**WORK TASK:** What is needed is an exact reproduction of the listing, without its pictures.

**DATA BELOW:**
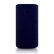 Кожаный чехол-карман Beyzacases Retro Strap Plus для iPhone 5/5S/SE, blue (BZ23301)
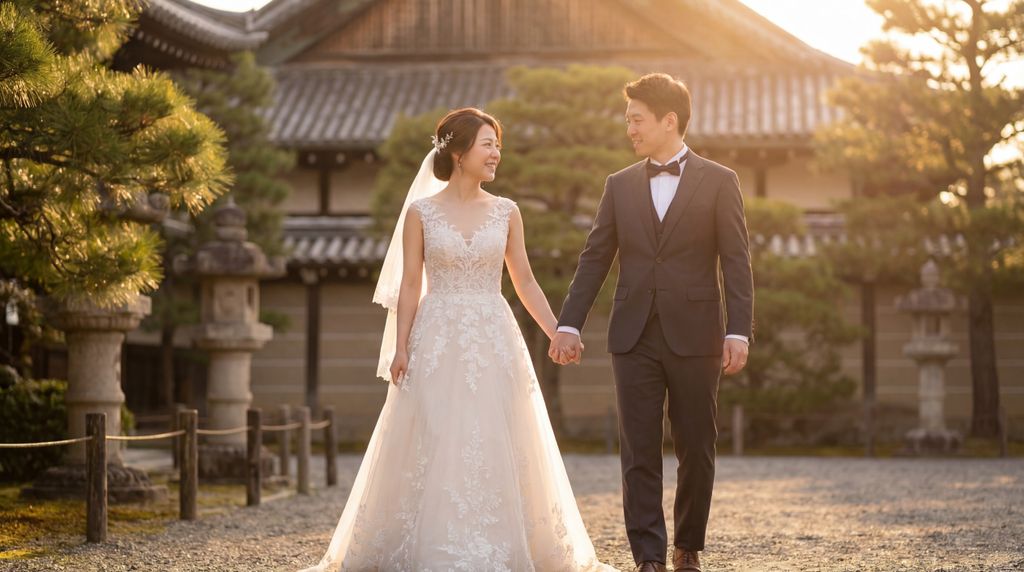 Nijo Castle wedding photography, Kyoto, Nijo Castle wedding photography, Kyoto,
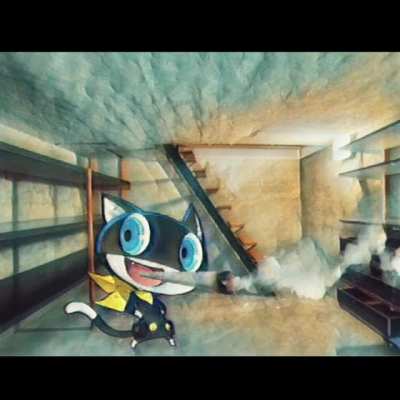 Morgana&rsquo;s Addiction.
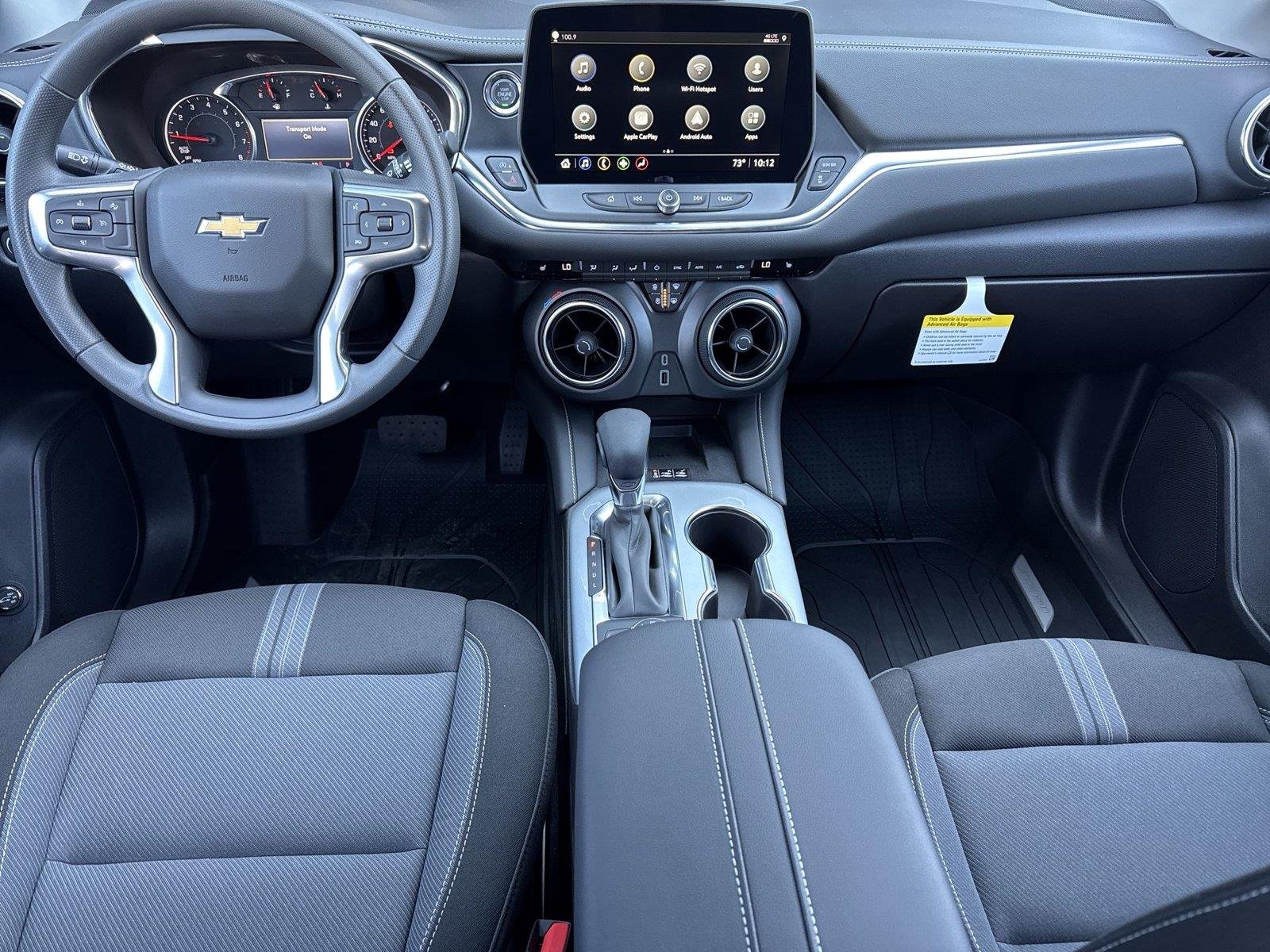 New 2026 Summit White Chevrolet 2LT image 24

**RESULT:**
 Кожаный чехол-карман Beyzacases Retro Strap Plus для iPhone 5/5S/SE, blue (BZ23301)
 Nijo Castle wedding photography, Kyoto, Nijo Castle wedding photography, Kyoto,
 Morgana&rsquo;s Addiction.
 New 2026 Summit White Chevrolet 2LT image 24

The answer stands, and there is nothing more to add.